Following a robust 18% surge in its stock price so far in 2025, Reliance Industries is firmly in the spotlight, attracting varied perspectives from leading brokerages.
While analysts are broadly optimistic, citing strong growth visibility across its telecom and retail ventures and a recovery in the energy segment, the consensus is clear: the conglomerate’s growth phase is re-accelerating.
With two significant target price hikes from Bernstein and JP Morgan against a minor trim by Jefferies, the market is closely watching to see if the company’s attractive valuation will lead to a further re-rating.
Jefferies On Relinace Industries
While Jefferies maintained its buy call on Reliance Industries, it marginally trimmed its target to Rs 1,650 per share.
The brokerage defined the rationale behind its bullish view to be improving growth visibility on space addition in Retail, constructive tariff outlook in Jio, strong showing in O2C in Q1
The company currently trades below its long term average EV/Ebitda valuations based on projected earnings, which could allow for re-rating.

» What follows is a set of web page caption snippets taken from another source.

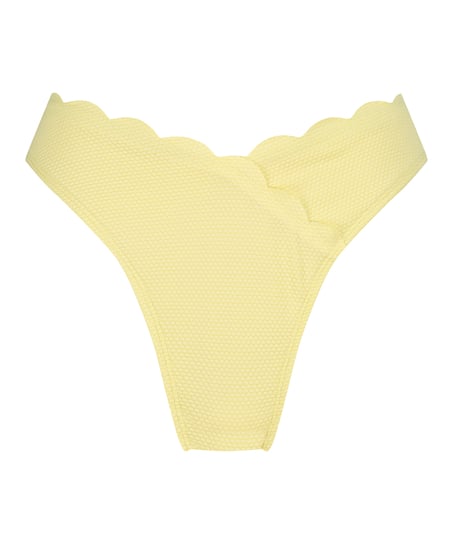 Majtki Bikini Wysoko Krojona Scallop, Ż&oacute;łty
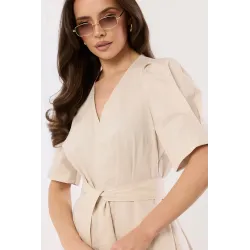 Sukienka midi z krótkim rękawem i wiązaniem w talii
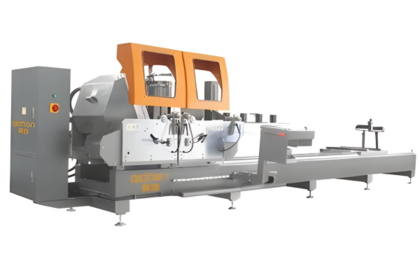 Обрабатывающий двухголовый центр с ЧПУ  550 CNC для резки алюминиевого профиля под 45° и 90°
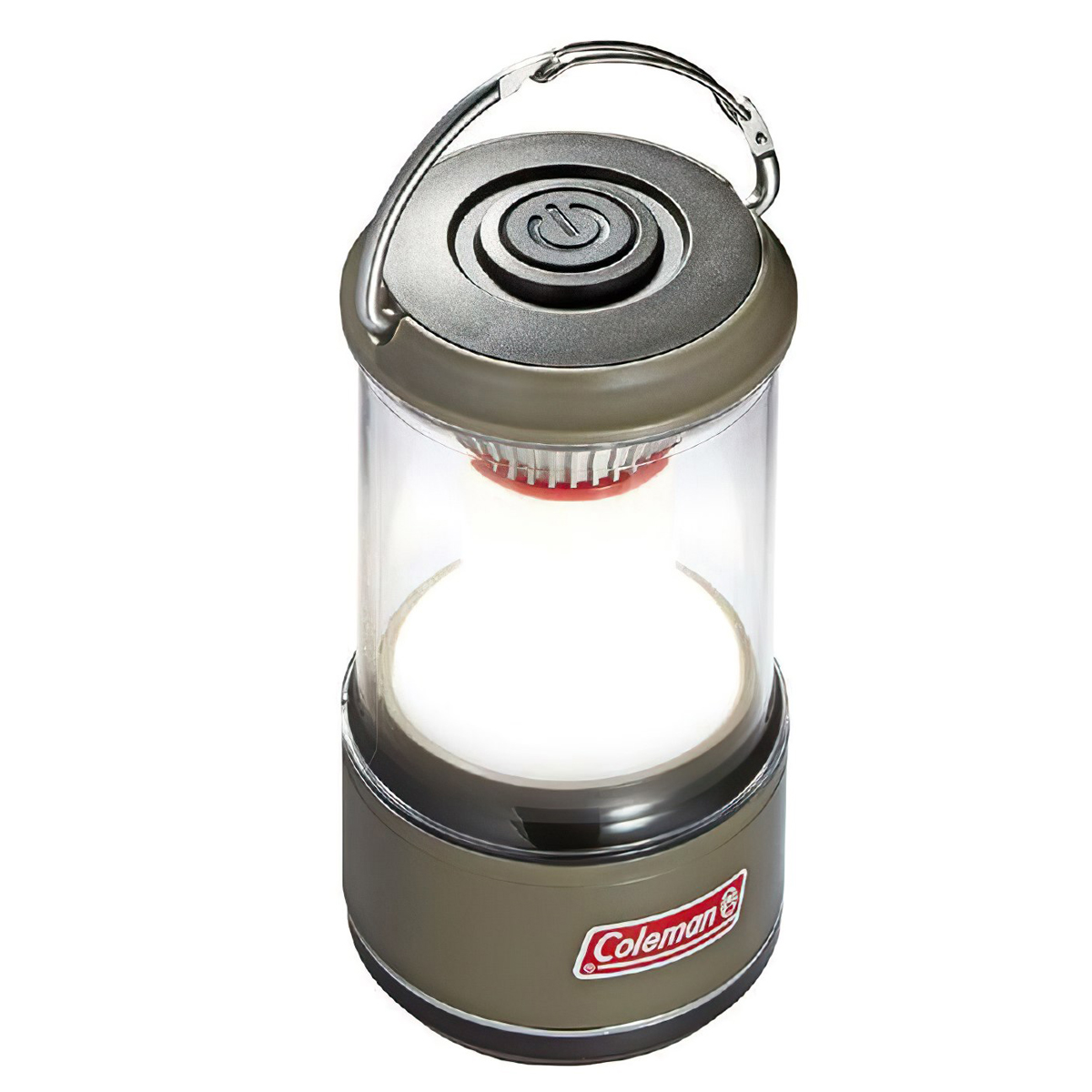 Đèn sạc Coleman All Night 600 Lumen đang bật sáng, nhìn từ trên xuống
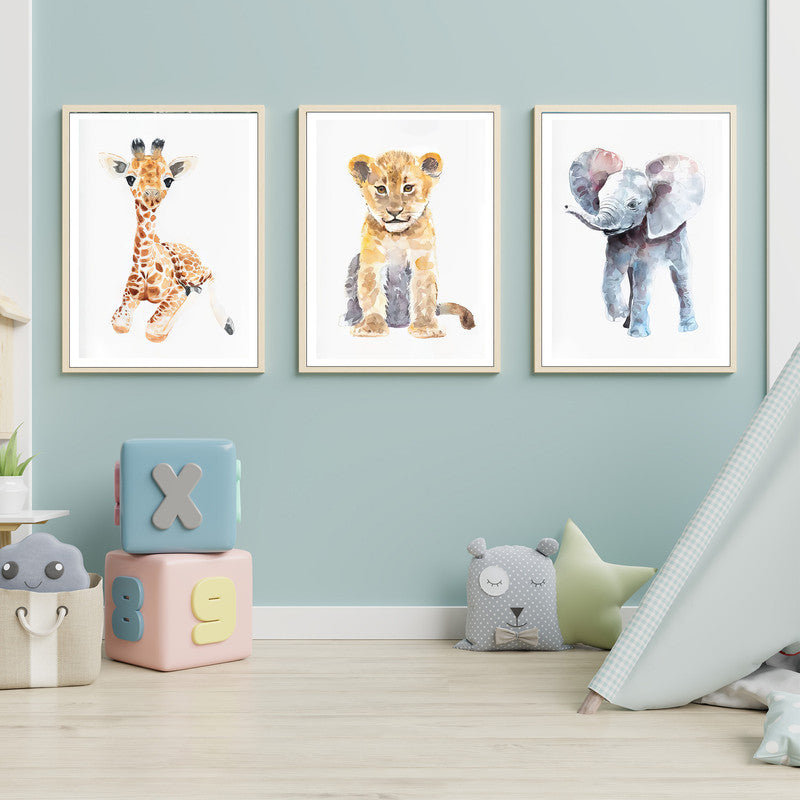 LuxuryStroke's Nursery Canvas Wall Art, Childrens Bedroom Wall Picturesand Nursery Animal Wall Art - Baby Giraffe, Lion & Elephant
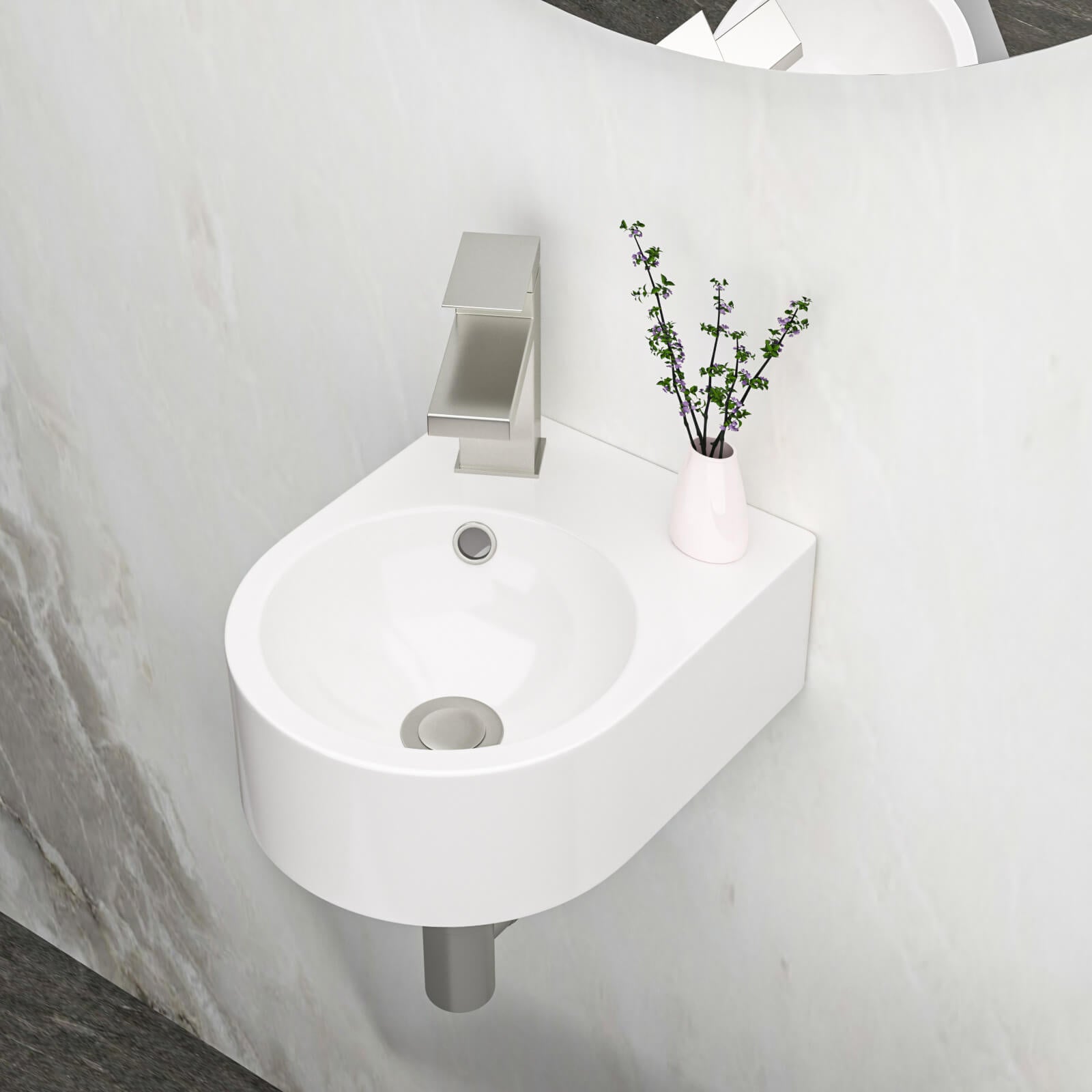 10 in x 13 in White Wall Mounted Ceramic Bathroom Sink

With the focus back on growth, and streamlining largely behind, the conglomerate’s retail segment resumed healthy mid-teens growth in quarter ended March, 2025, driven by same store sales growth improvement.
Its foray into quick commerce has also seen healthy traction, with plans to substantially expand ahead.

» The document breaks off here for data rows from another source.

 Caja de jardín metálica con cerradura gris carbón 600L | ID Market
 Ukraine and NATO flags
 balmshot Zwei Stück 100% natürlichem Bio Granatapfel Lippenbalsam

Jio remains well-placed to deliver 18% compounded growth in revenue over FY25-27 and 21% compounded Ebitda growth over the same period
Growth to be supported by improving pricing environment, and scale-up of home broadband business
Healthy growth outlook with moderating capital expenditure will lead to as much as a tenfold rise in free cash flows over the two year period
According to Jefferies, the telecommunication sector is the best way to play the consumption theme in India, which further supports its rationale for a likely re-rating in the company’s valuations.

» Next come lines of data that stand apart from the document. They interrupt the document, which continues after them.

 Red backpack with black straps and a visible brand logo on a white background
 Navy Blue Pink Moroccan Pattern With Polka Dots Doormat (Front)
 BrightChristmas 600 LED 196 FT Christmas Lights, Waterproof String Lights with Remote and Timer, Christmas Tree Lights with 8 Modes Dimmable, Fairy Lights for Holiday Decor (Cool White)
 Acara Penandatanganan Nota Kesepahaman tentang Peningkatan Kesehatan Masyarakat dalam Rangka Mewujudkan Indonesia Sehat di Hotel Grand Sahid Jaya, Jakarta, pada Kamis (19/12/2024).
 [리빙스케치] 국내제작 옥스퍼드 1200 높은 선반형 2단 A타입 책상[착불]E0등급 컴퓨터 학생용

In calendar year 2025 so far, permanent refinery closures have totaled up to 1.1mmbpd or million barrels per day. This has been more than what was closed over 2023 and 2024, combined.
With net refinery capacity additions lower than the projected demand growth, this should benefit the company’s margins.
Petchem spreads are now gradually recovering from the lowest level in a decade hit in Q3FY25, the Jefferies note said, and while the outlook remains soft, a further downside could be limited.
Reliance Industries: Bear Case Scenario
Jefferies also considered a downside scenario with a price target of Rs 1150 implying a 19% downside. Potential triggers for such a scenario could be lower-than-expected telecom ARPU or subscribers for Jio, which could lead to a valuation derating.
Further, a slower recovery in China could also lead to lower margins in the refining/petchem segment.
An elevated cash burn in e-commerce leading a valuation derating could also lead to the downside scenario.
In its base case scenario however, the brokerage projects an upside of 16%.
Bernstein On Reliance Industries
Bernstein maintained an outperform rating, and raised its target price to Rs 1,640 (earlier Rs 1520), implying a 15% upside.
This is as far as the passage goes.